El laureado poeta cumanés Andrés Eloy Blanco dijo una vez: «Hemos echado al mar los grillos de los pies. Ahora vayamos a las escuelas a quitarle a nuestro pueblo los grillos de la cabeza, porque la ignorancia es el camino de la tiranía». Esa aleccionadora frase la pronunció en un discurso el 14 de febrero de 1936, en un acto simbólico en el castillo de Puerto Cabello frente al Presidente Eleazar López Contreras, a propósito de la liberación de los presos políticos después de la muerte del dictador Gómez.

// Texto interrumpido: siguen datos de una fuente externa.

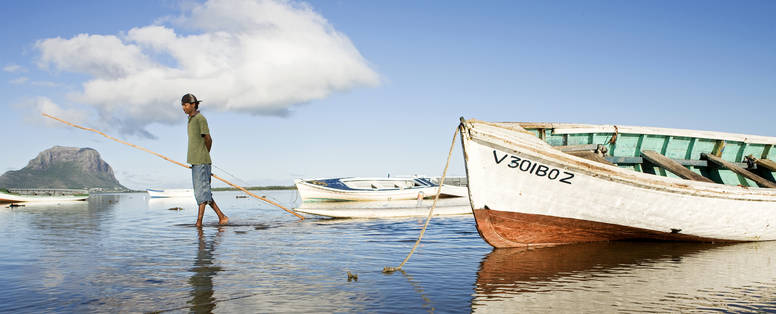 MTPA_082_La_Gaulette_fishing_village_west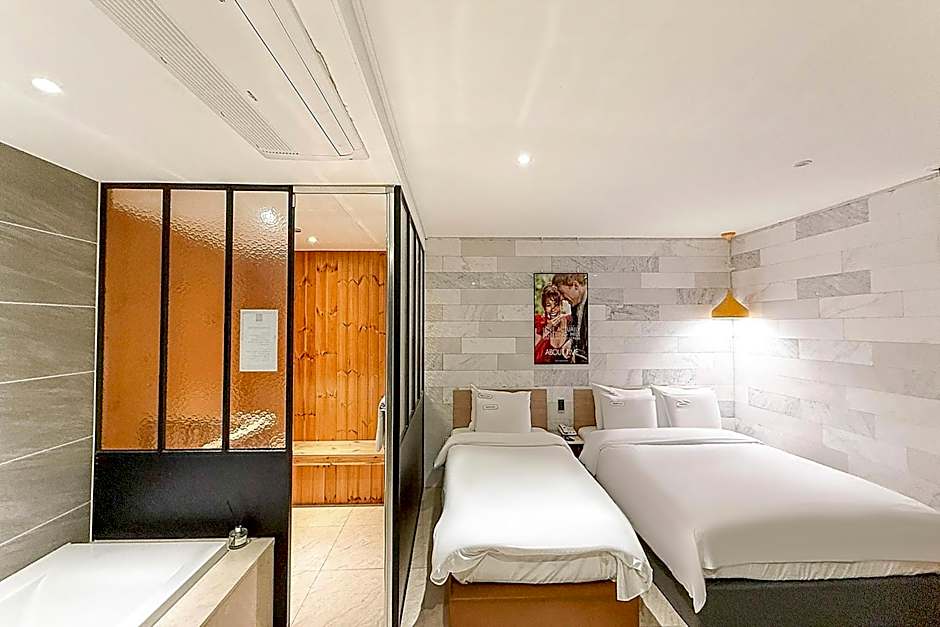 Docking Hotel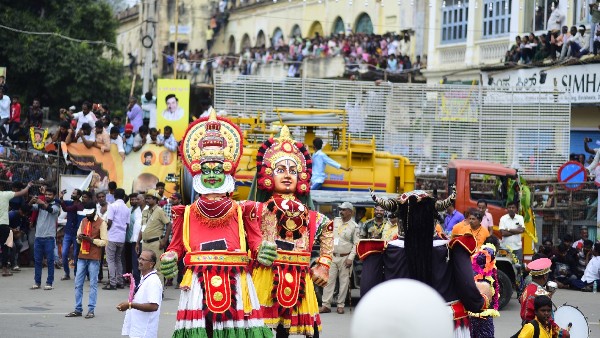 ಕೆಂಗಣ್ಣುಗಳೊಂದಿಗೆ ಭಿನ್ನ ವೇಷಭೂಷಣ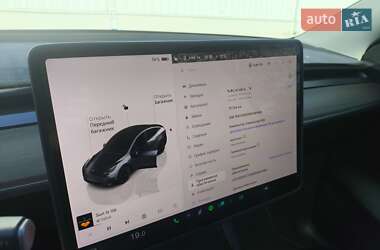 Внедорожник / Кроссовер Tesla Model Y 2022 в 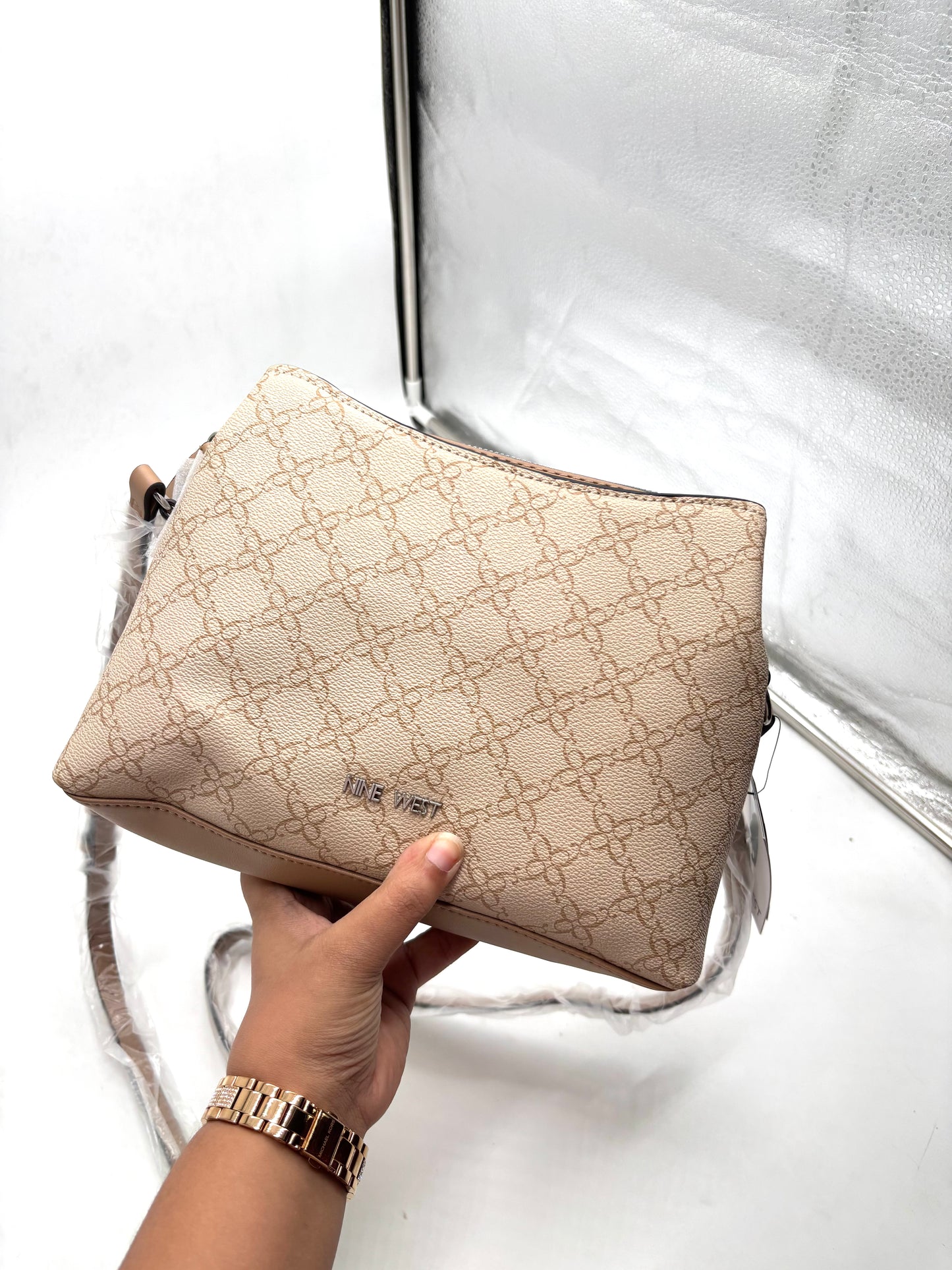 Naomi Pouch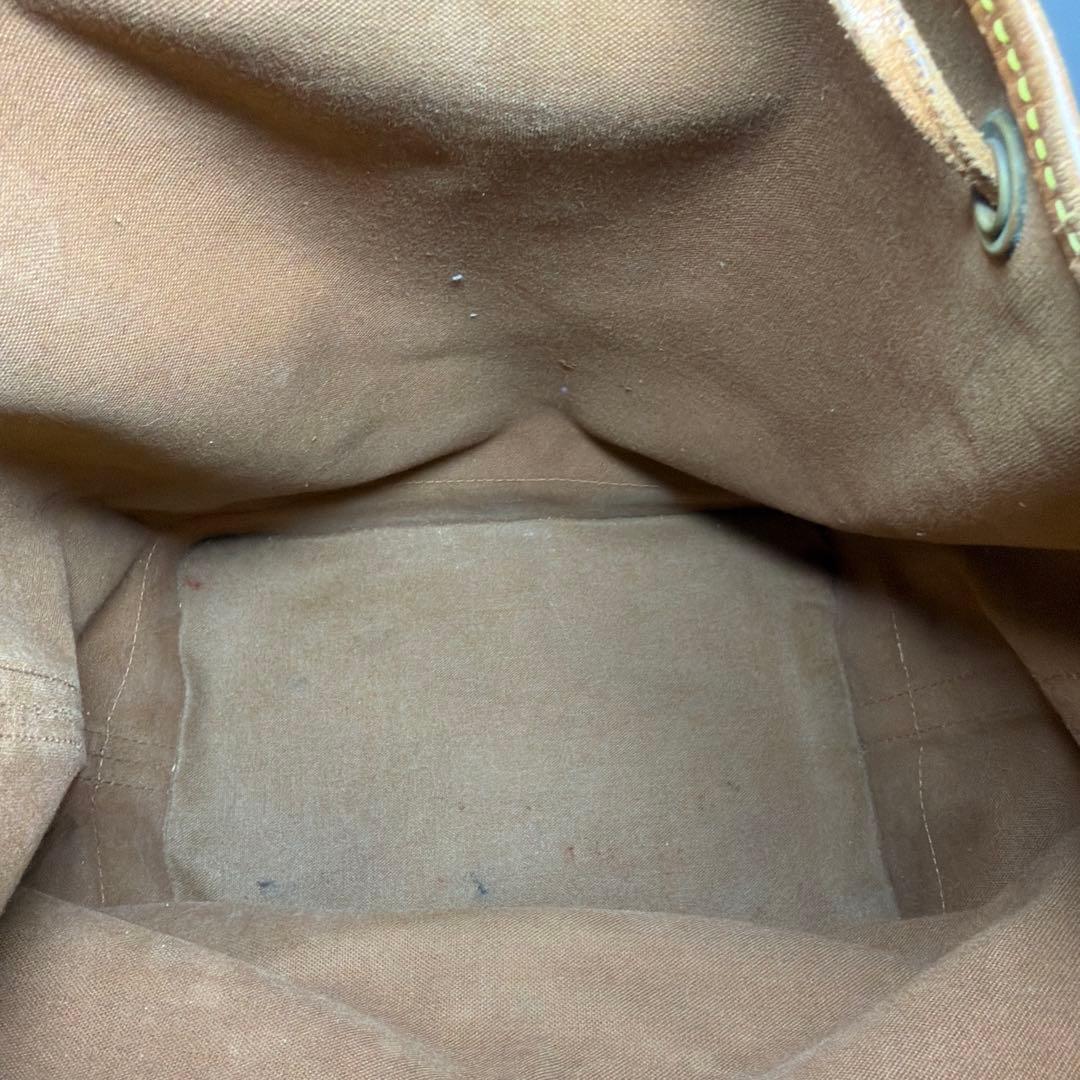 ルイヴィトン　モノグラム　ノエ　巾着　ショルダーバッグ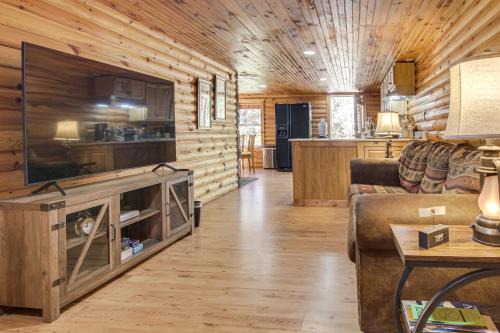 Etowah Apartment | Hike, Golf & Explore: Pet-Friendly Apt in Etowah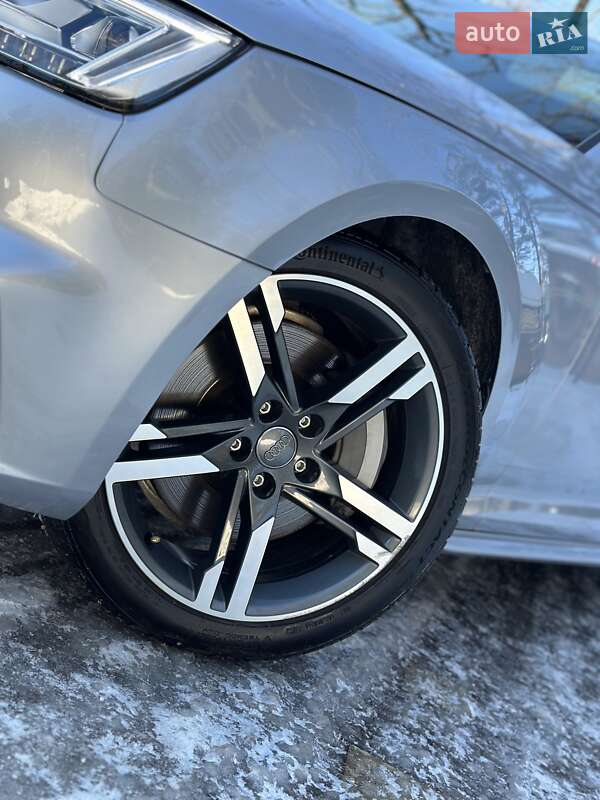 Седан Audi A4 2017 в Дрогобичі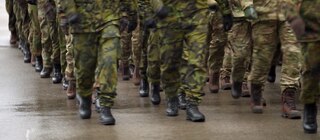 Beine marschierender Soldat:innen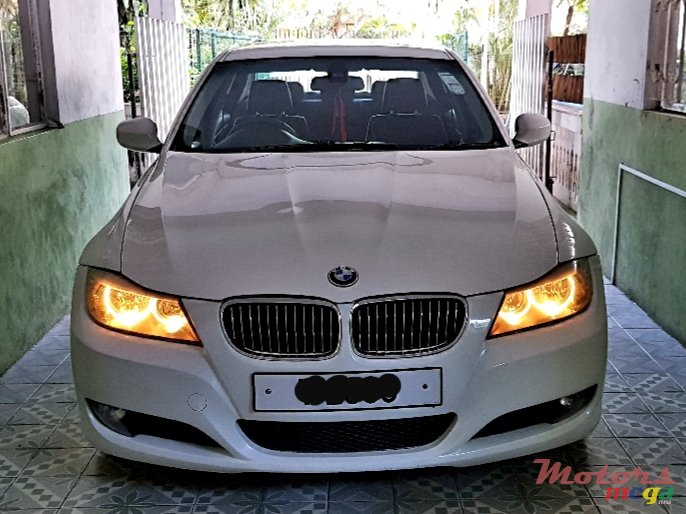 2011' BMW 3 Series Facelift photo #1
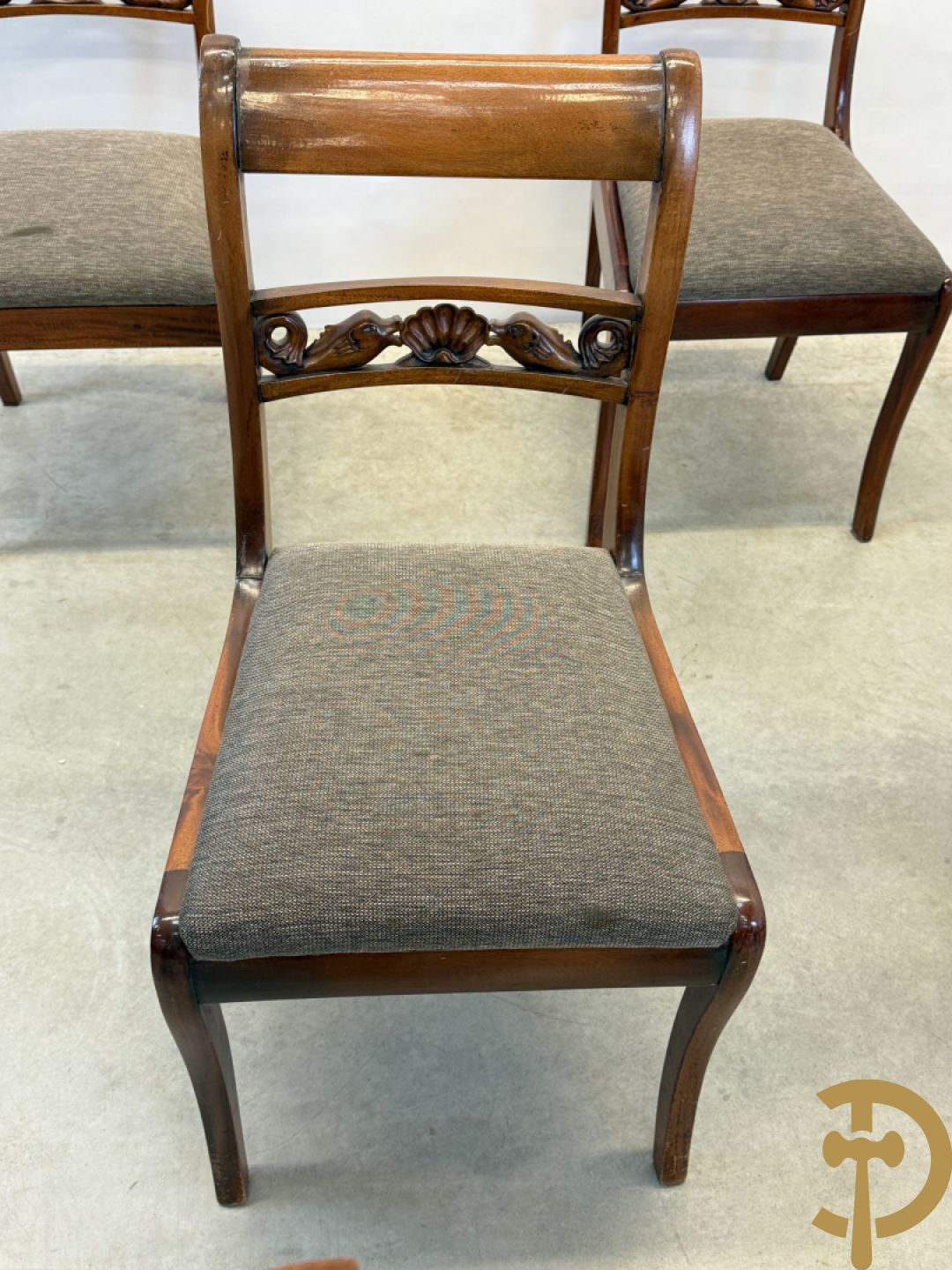 Set notelaren stoelen met sculptuur van dolfijnen in de rug, bestaande uit zes stoelen en 2 armzetels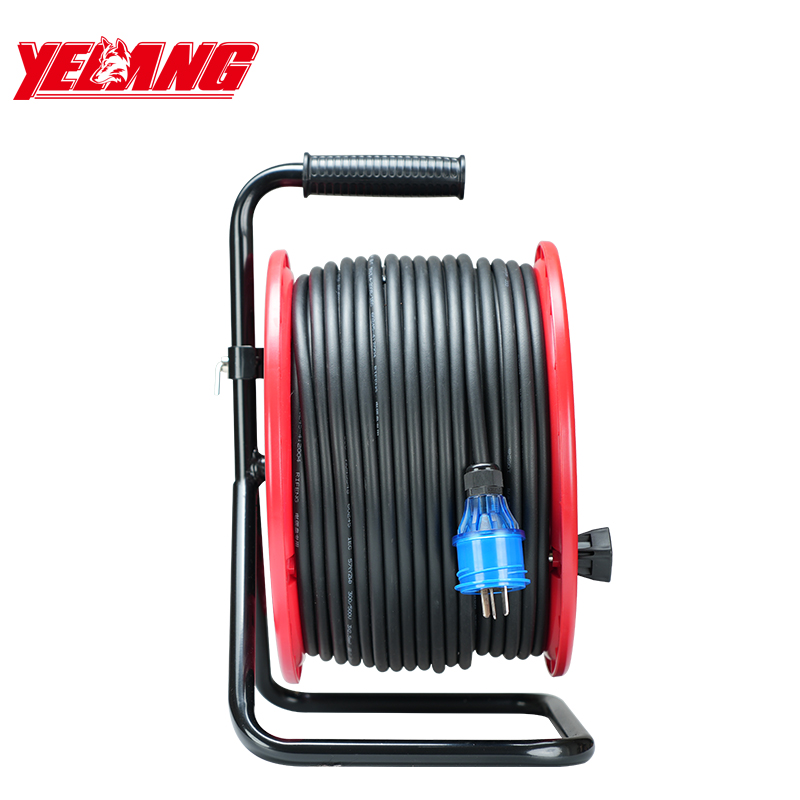 野狼YELANG/YLB33010930/YZW 3*1.5*30米250V16A国标电缆盘/只 红色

De manera que hoy esa lápidaria frase cumple 90 años. A pesar de que muchos las han pasado por debajo de la mesa, consideramos oportuno desentrañar su alcance para que siga vigente en el ideario colectivo. Es un enorme reto ante las circunstancias actuales que vive nuestra alicaída nación. Es un compromiso ciudadano de irradia luz para vencer la sombra de la ignorancia y avanzar por los senderos de convivencia social, libertades públicas y prosperidad económica, considerados principios rectores de toda sociedad democrática.
Cuando el bardo cumanés insta a ir a las escuelas para quitar los grillos de la cabeza al pueblo está lanzando un poderoso mensaje de liberar al pueblo venezolano de la ignorancia a la que ha estado sometido, así como del prejuicio, servilismo y supersticiones. Es una titánica tarea tras superar la dictadura cruel de los grillos en los pies que encadenaron por largos años a muchos venezolanos que se opusieron a la dictadura gomecista.
Para el poeta de nada sirve quitar las cadenas de hierro si el pueblo sigue atado mentalmente del atraso, el sectarismo y la manipulación. La escuela, como faro de luz en la sociedad, tiene la enorme responsabilidad de formar en valores ciudadanos a la población. Debe hacerlo sin dilaciones a través de docentes probos y con un pensamiento crítico para liberar al pueblo de los demagogos y sátrapas de oficio. La frase de Andrés Eloy tiene gran vigencia al cumplirse 9 décadas de haberse pronunciado.